** THE DATA follows **

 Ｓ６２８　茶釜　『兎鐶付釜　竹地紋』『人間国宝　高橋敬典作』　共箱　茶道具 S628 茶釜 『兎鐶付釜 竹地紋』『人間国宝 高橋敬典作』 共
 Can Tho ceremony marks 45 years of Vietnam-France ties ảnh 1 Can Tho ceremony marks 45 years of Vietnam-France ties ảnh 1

** End of THE DATA **
** THE DATA follows **

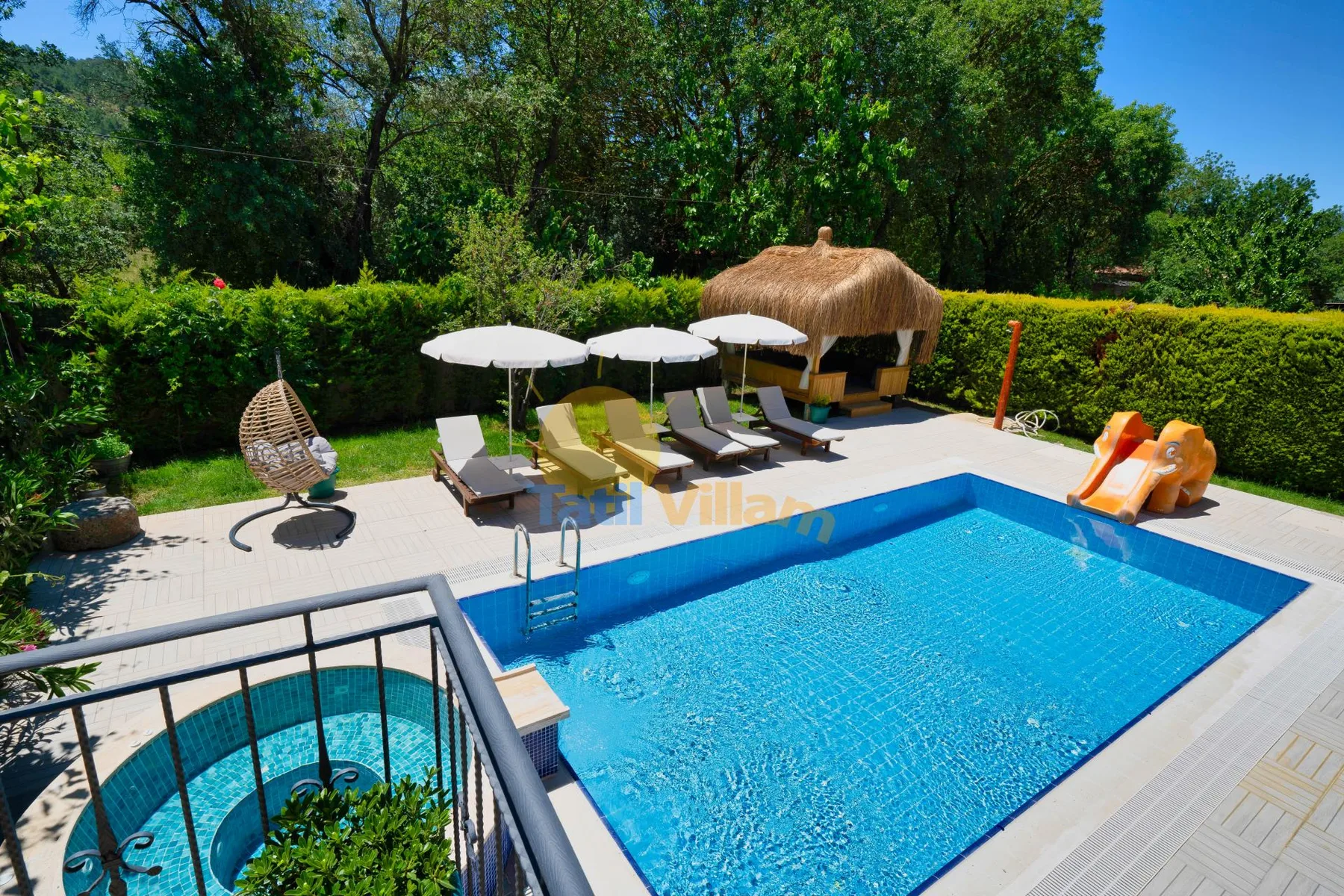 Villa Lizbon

** End of THE DATA **
** THE DATA follows **

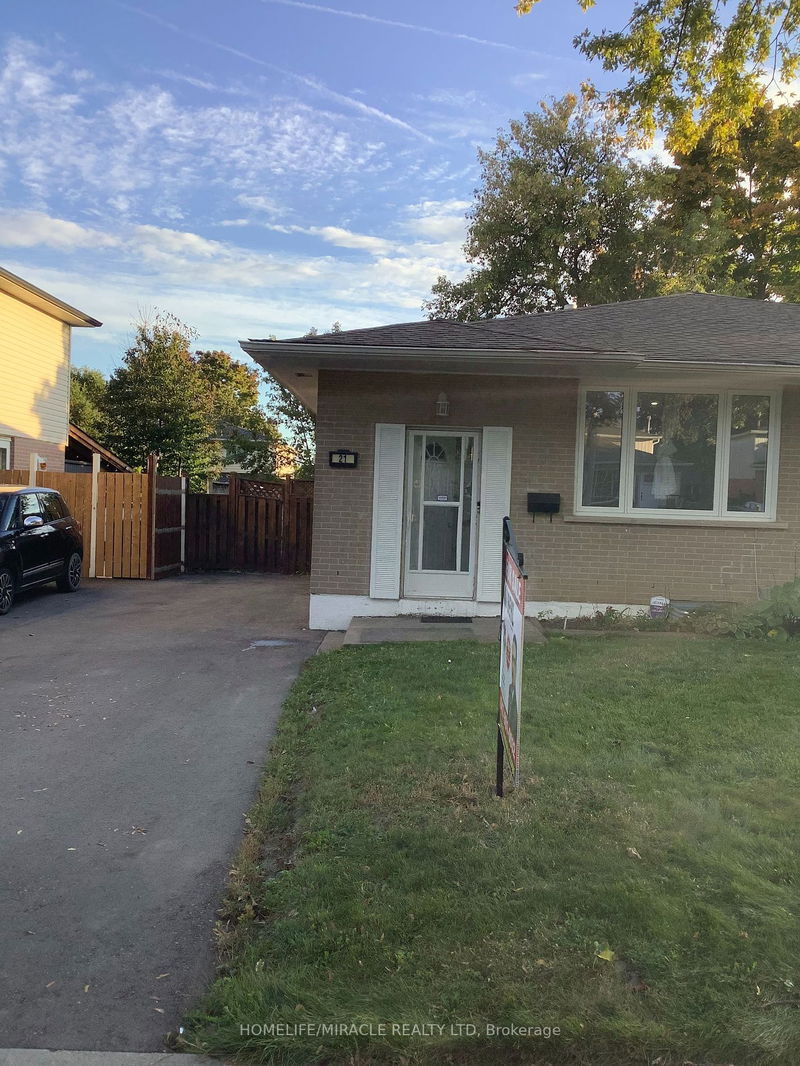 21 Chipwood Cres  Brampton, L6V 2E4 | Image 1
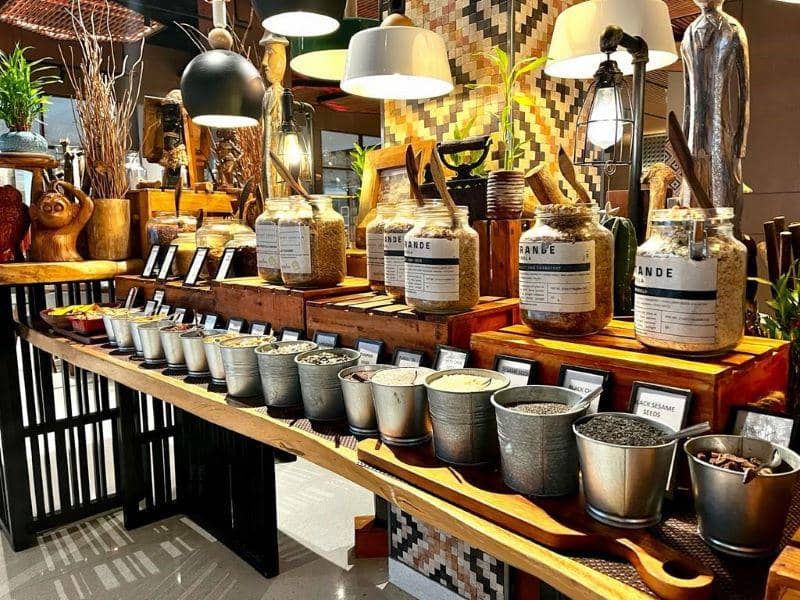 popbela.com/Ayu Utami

** End of THE DATA **

#### [WHAT TO WORK ON]
Look above for the line with "21 Chipwood Cres"; quote it and every line after it, stopping after the line with "popbela.com/Ayu Utami", exactly, with nothing added and without pictures.

#### [RESULT OF THIS EXERCISE]
 21 Chipwood Cres  Brampton, L6V 2E4 | Image 1
 popbela.com/Ayu Utami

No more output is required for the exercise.